Por outro lado vão quase sempre atrás dos acontecimentos, oscilando entre o optimismo e o pessimismo exagerados...
Teremos ainda o pensamento politicamente correcto no interior deste tipo de empresas – tal como em qualquer outra organização empresarial - e o comportamento dos agentes, condicionado pela conformidade institucional ou de grupo.

Temos sem seguida uma segunda parte em que o autor estuda detalhadamente o objecto da Notação de Risco e da Arquitectura Institucional que levou à privatização de uma faceta de uma função sistémica muito importante: a da regulação do funcionamento e da fiscalização da idoneidade dos agentes intervenientes nos mercados financeiros.
O autor faz aqui também uma chamada de atenção para o modo como as agências de notação de risco passaram de um foco de atenção (ou falta dela...) relativamente às notações – encomendadas, saliente-se - dos título ditos de «subprime», para uma atenção particular para as notações – não encomendadas, saliente-se também - das dívidas soberanas.

Numa terceira parte, Delfim Vidal Santos faz uma interessante identificação das deficiências da arquitectura que assim se foi desenvolvendo – no jargão das novas ciências da complexidade diriamos que foi «emergindo» - sem que tivesse havido um qualquer «plano central» que explicitamente apontasse nesse sentido, chamando o autor a atenção para os múltiplos conflitos de interesse, assim como as muitas oportunidades para o aparecimento de disfuncionalidades sistémicas.

Numa quarta parte, o autor elabora uma breve síntese das propostas de solução – que entretanto têm vindo a ser discutidas - para atenuar os riscos inerentes ao actual modelo de actuação e regulação, quer da notação de risco enquanto actividade sistémica, quer do comportamento das agências propriamente ditas.
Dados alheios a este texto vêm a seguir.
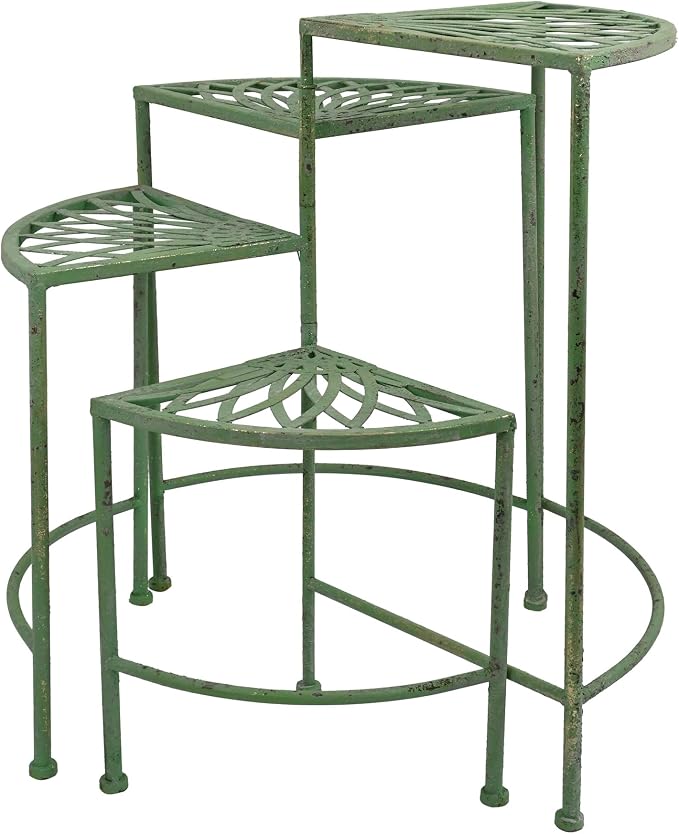 Rustic 4 - Tier Metal Plant Stand - Foldable Distressed Green Corner Plant Rack, Vintage Flower Pot Holder Shelves for Patio Porch Garden Balcony Living Room Use, Indoor/Outdoor Home Decor (Green)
Levantando-se muito em particular o problema do financiamento das agências de notação de risco.
Põe-se aqui o problema de determinar quem paga o quê...
Se partimos do princípio de que a notação de risco é considerada uma função sistémica útil e necessária – então coloca-se a questão de tentar saber quem é que a deve pagar... Se os responsáveis pela emissão de título de dívida, se os responsáveis pela aplicação de capitais financeiros. Por outras palavras, se os vendedores ou se os compradores desses «titulos de dívida»...
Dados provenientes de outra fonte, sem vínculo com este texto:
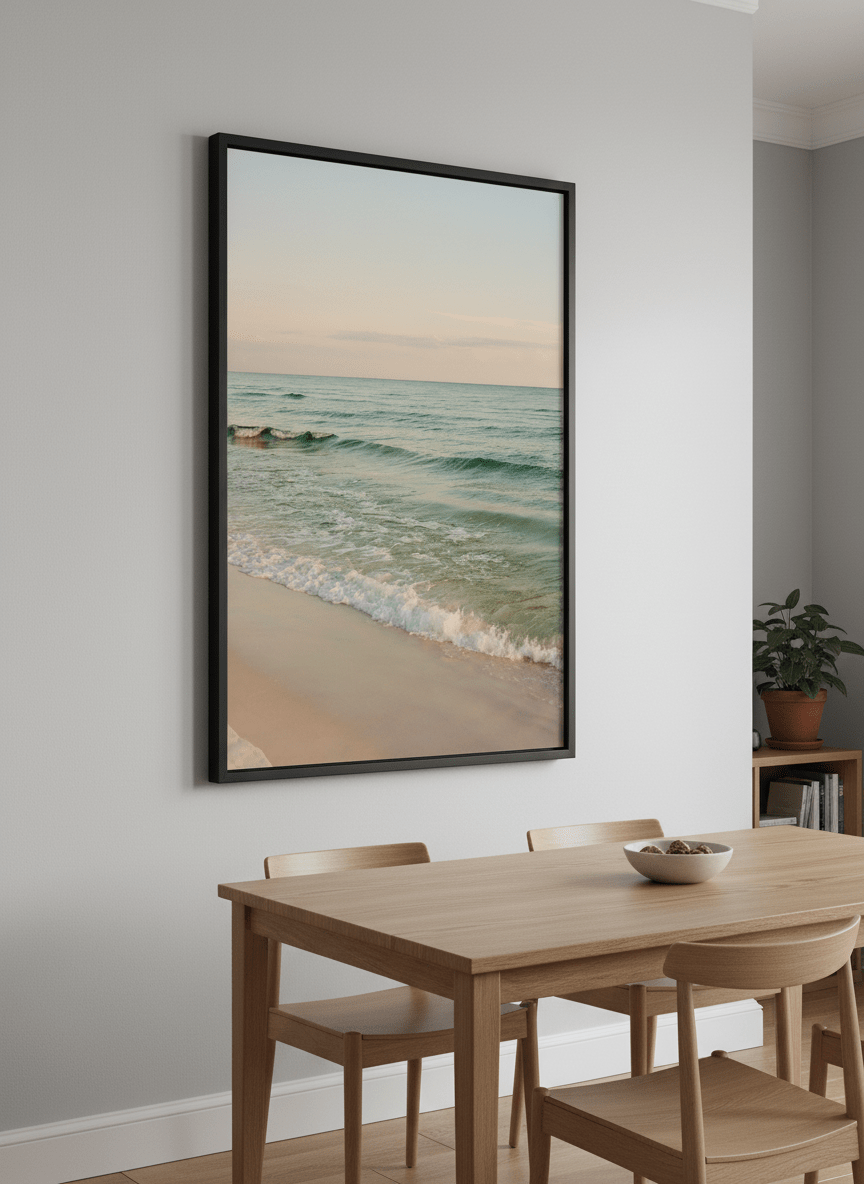 Wall art styled above a dining table in a contemporary home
Finalmente e numa quinta parte deste livro, Vidal Santos discute então a questão – para mim mais especificamente juridica - da susceptibilidade de Responsabilização Civil das Agências de Notação de Risco.
Ou seja, de como é, ou não viável, «processar as agências de notação de risco»... «Levá-las a tribunal» e «obrigá-las a pagar uma qualquer indemnização por danos causados»...
De um ponto de vista de um sociólogo, supostamente especialista em sociologia das organizações e estudos da complexidade, este será talvez o aspecto mais interessante e polémico do livro. E faço esta reflexão na medida em que estamos hoje num mundo em que há já uma governação mundial efectiva, exercida de facto através de múltiplos organismos e instituições – desde as agências das Nações Unidas até a «coisas» tão banais como a FIFA ou o Comité Olímpico Mundial pssando pela organização de «feiras universais» e das reuniões como o G-7, o G.20 ou o Forum Económico Mundial, sem que no entanto haja de facto um governo mundial soberano.

Uma última reflexão que tenho a fazer é relativamente ao título do livro que diz «a crise financeira planetária». E sublinho aqui o adjectivo «planetária»...
Isto porque um dos mais graves defeitos da análise eonómica e financeira convencional, ou «politicamente correcta», é o de enfocar a sua atenção e estudo no plano de cada Estado-nação. Sendo a economia mundial um sistema hiper-complexo fechado (na medida em que ainda não exportamos o que quer que seja de bens mercantis para inexistentes colónias extra-planetárias), faz sempre falta e é um sinal positivo de análise ciêntífica da sociedade em que vivemos, chamar a atenção para a perspectiva e dimensão planetária do funcionamento do sistema económico global.